Top of Records shown
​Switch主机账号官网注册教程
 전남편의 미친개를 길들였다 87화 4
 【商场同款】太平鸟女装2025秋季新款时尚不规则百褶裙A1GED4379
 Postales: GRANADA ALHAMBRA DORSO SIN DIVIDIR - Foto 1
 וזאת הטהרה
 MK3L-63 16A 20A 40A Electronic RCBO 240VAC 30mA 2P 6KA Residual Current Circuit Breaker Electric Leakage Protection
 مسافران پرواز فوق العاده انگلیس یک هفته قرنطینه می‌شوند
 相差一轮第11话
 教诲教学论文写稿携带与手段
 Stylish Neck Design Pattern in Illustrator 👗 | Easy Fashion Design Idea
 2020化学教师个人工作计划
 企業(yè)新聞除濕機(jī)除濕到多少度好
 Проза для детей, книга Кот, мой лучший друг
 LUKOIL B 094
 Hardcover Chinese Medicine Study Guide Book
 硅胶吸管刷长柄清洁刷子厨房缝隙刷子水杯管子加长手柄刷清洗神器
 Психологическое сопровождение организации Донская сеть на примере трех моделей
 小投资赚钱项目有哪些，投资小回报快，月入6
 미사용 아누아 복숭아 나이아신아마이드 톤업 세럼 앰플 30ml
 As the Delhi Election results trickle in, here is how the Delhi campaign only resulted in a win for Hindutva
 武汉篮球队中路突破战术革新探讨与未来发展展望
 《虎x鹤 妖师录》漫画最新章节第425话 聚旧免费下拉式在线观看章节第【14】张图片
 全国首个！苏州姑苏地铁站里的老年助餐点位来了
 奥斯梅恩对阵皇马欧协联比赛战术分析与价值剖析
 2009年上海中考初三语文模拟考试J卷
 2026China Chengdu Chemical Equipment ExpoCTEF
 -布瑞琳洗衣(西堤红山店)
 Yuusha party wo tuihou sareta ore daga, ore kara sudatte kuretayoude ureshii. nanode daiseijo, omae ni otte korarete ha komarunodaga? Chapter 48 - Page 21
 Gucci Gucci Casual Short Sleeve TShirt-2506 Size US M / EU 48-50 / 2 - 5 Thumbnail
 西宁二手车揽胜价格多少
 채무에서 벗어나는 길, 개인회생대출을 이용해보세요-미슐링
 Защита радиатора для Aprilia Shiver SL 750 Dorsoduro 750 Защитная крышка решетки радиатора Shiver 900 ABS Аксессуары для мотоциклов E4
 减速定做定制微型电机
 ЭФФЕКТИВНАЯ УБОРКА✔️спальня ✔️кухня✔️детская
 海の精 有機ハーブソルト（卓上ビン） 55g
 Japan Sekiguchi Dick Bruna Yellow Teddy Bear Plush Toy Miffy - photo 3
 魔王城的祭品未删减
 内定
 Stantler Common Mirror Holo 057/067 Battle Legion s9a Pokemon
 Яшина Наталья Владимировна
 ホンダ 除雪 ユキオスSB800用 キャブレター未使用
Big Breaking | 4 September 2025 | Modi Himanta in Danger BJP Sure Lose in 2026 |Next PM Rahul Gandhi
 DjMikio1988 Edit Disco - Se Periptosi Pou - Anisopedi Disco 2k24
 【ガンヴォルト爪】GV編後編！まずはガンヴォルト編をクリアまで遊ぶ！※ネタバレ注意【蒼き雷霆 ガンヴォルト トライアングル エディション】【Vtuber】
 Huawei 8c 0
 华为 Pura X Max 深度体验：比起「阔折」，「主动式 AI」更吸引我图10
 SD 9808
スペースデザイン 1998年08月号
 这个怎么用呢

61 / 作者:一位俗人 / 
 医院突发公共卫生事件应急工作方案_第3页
Bottom of Records shown
■ Task description ■
Verbatim reproduction is required for the line holding "Japan Sekiguchi Dick" and for every line after it in the records, with no other line included.

■ Answer space ■
 Japan Sekiguchi Dick Bruna Yellow Teddy Bear Plush Toy Miffy - photo 3
 魔王城的祭品未删减
 内定
 Stantler Common Mirror Holo 057/067 Battle Legion s9a Pokemon
 Яшина Наталья Владимировна
 ホンダ 除雪 ユキオスSB800用 キャブレター未使用
Big Breaking | 4 September 2025 | Modi Himanta in Danger BJP Sure Lose in 2026 |Next PM Rahul Gandhi
 DjMikio1988 Edit Disco - Se Periptosi Pou - Anisopedi Disco 2k24
 【ガンヴォルト爪】GV編後編！まずはガンヴォルト編をクリアまで遊ぶ！※ネタバレ注意【蒼き雷霆 ガンヴォルト トライアングル エディション】【Vtuber】
 Huawei 8c 0
 华为 Pura X Max 深度体验：比起「阔折」，「主动式 AI」更吸引我图10
 SD 9808
スペースデザイン 1998年08月号
 这个怎么用呢

61 / 作者:一位俗人 / 
 医院突发公共卫生事件应急工作方案_第3页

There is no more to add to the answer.